What you have to do: The entries below contain pictures. Write out only the lines from the line with "VALENTINO GARAVANI ONE" up to and including the line with "Besuch von Minister", exactly, without them.

Data extracts:
Start of Block

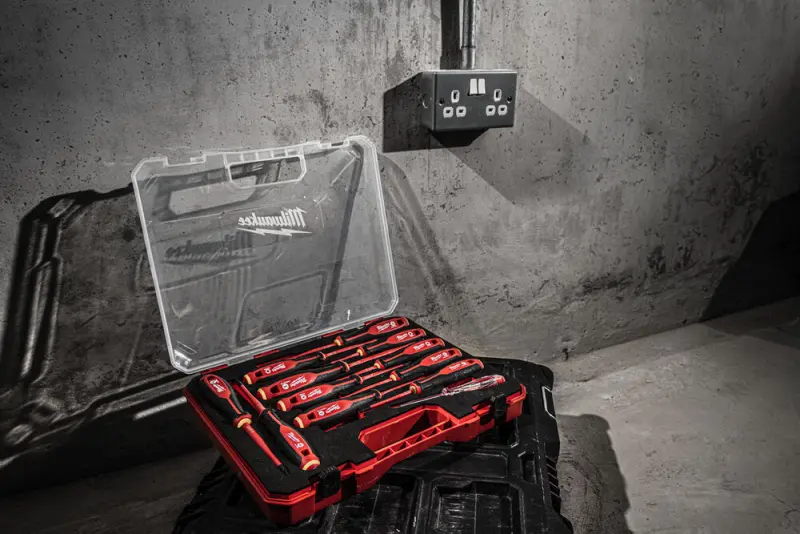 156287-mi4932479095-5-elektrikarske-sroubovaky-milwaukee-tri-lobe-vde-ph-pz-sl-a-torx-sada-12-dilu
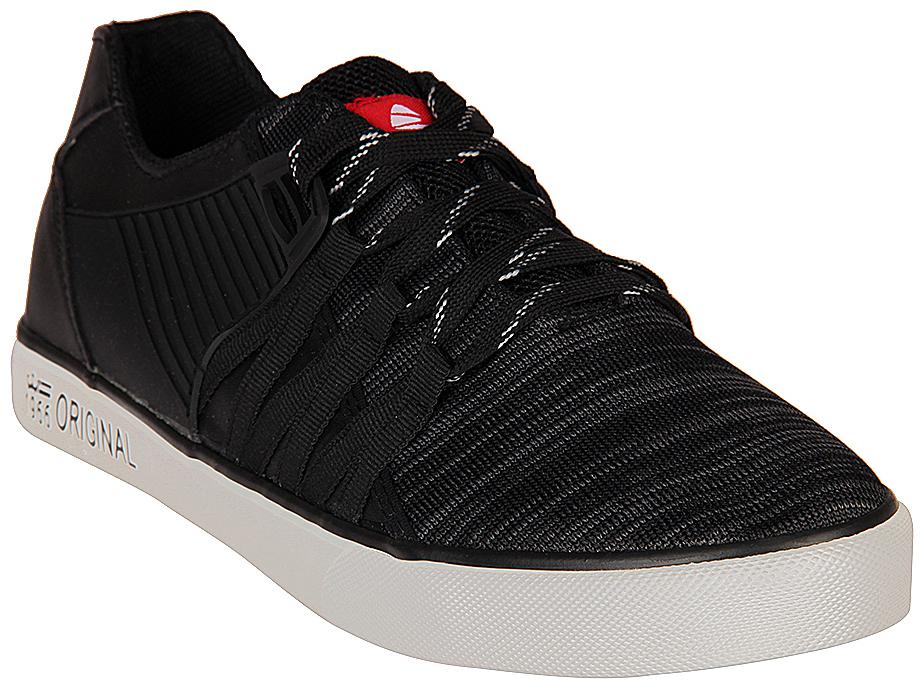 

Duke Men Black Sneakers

End of Block
Start of Block

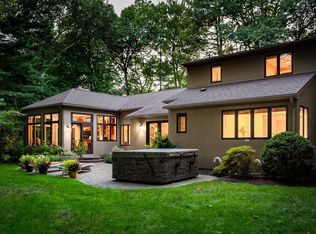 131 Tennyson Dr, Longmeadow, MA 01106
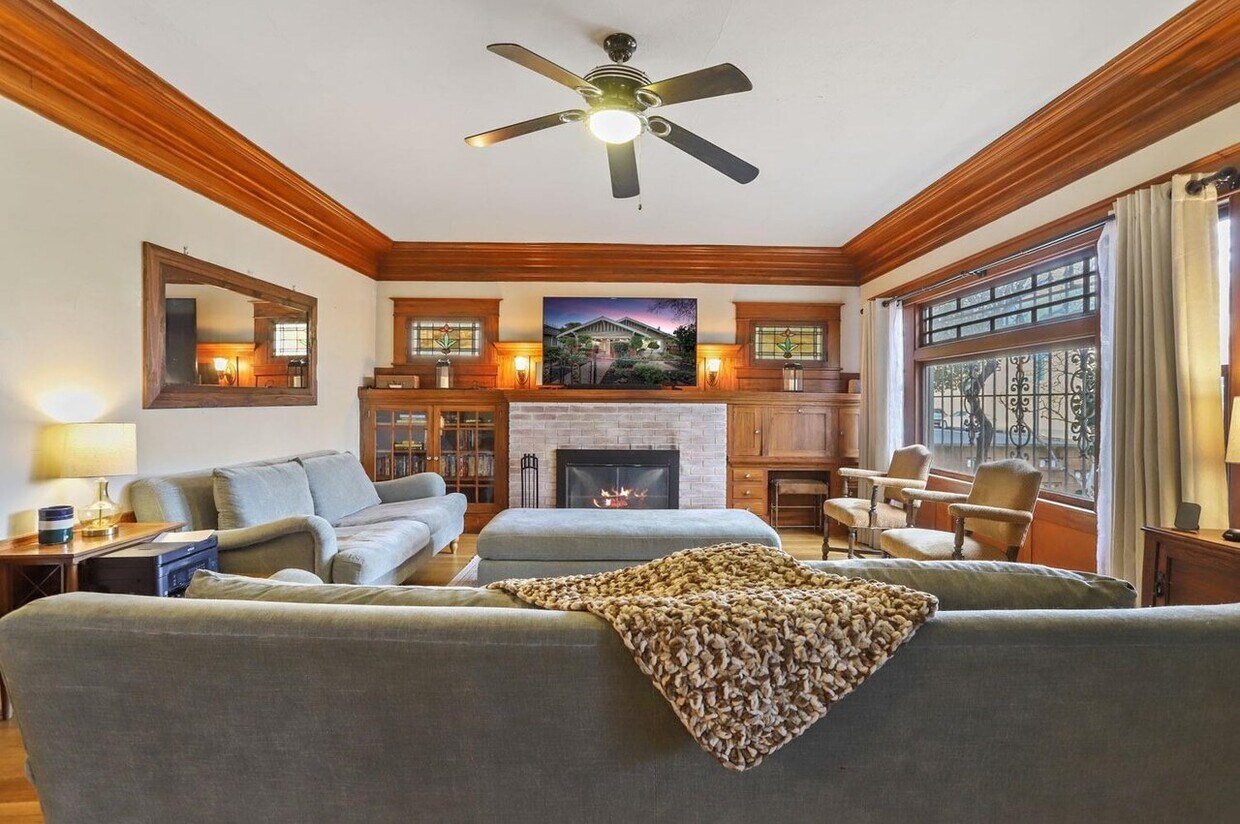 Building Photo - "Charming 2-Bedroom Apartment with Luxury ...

End of Block
Start of Block

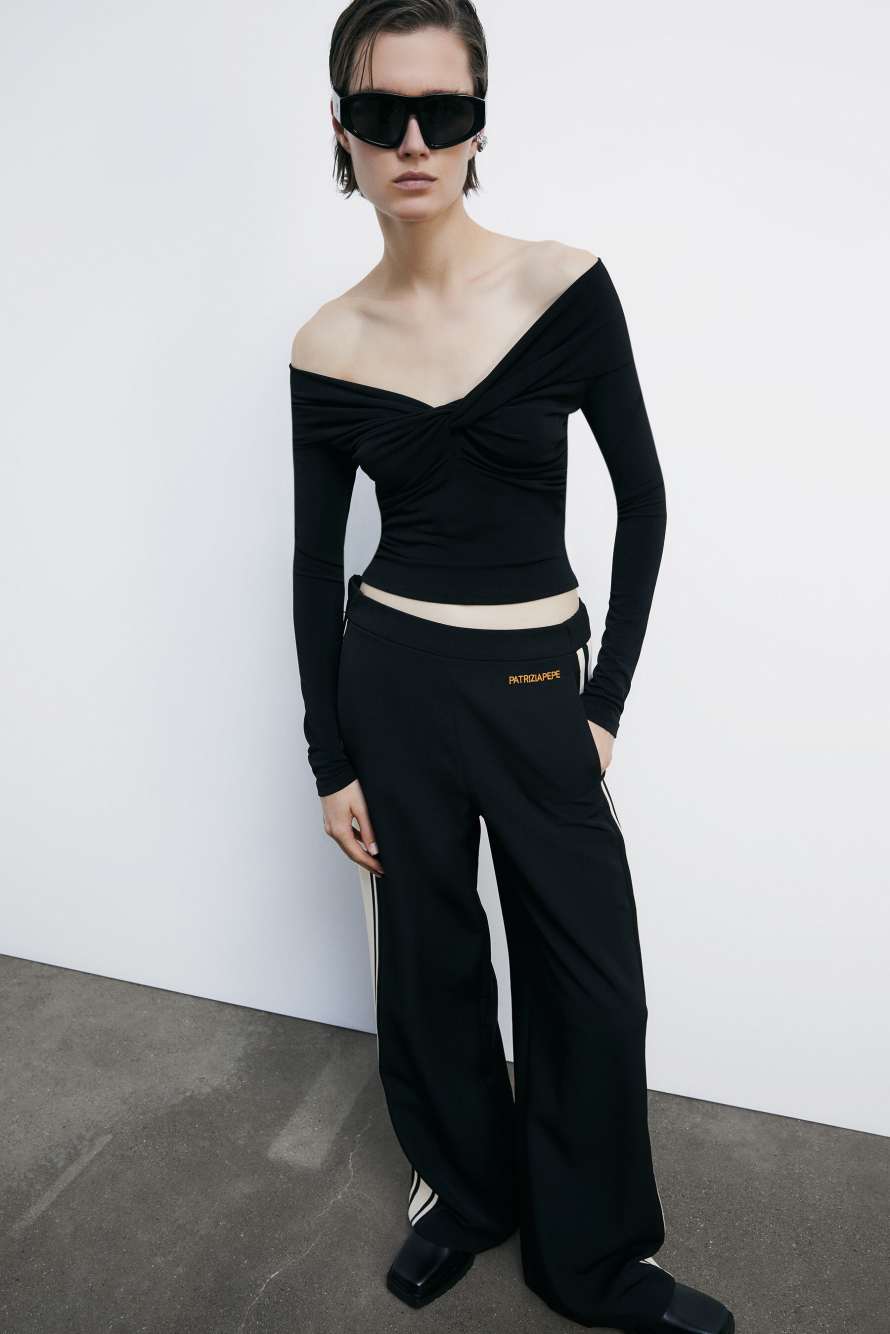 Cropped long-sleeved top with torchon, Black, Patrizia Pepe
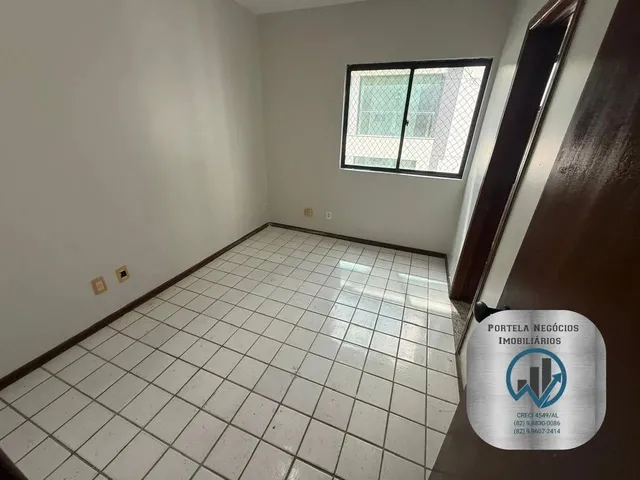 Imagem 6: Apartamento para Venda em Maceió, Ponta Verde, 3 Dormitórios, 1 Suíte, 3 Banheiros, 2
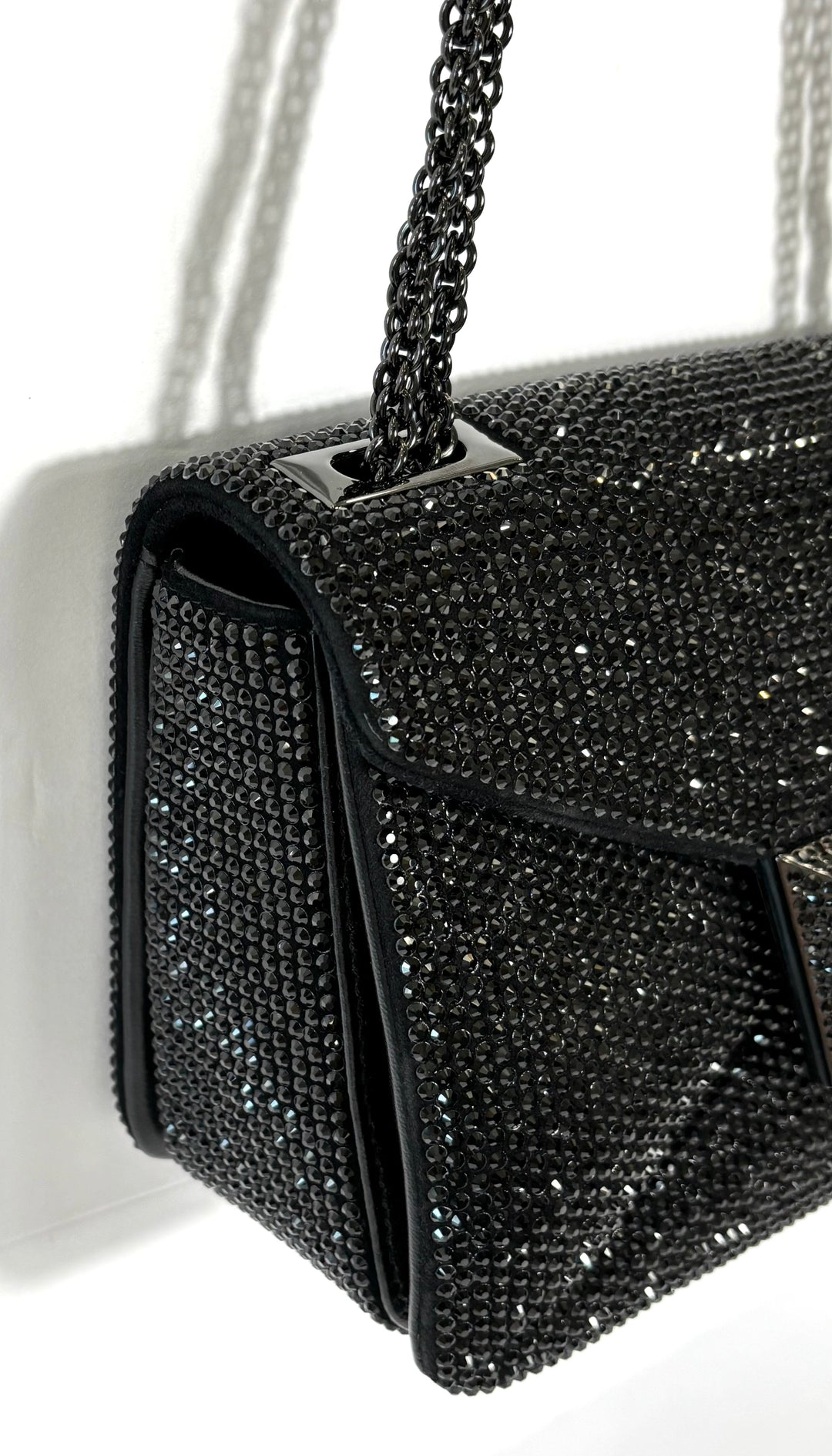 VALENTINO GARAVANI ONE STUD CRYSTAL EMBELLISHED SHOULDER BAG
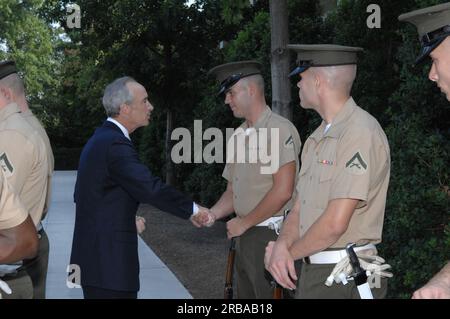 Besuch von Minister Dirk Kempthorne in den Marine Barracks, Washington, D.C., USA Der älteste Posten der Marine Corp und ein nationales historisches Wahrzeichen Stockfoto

End of Block

Solved problem:
 VALENTINO GARAVANI ONE STUD CRYSTAL EMBELLISHED SHOULDER BAG
 Besuch von Minister Dirk Kempthorne in den Marine Barracks, Washington, D.C., USA Der älteste Posten der Marine Corp und ein nationales historisches Wahrzeichen Stockfoto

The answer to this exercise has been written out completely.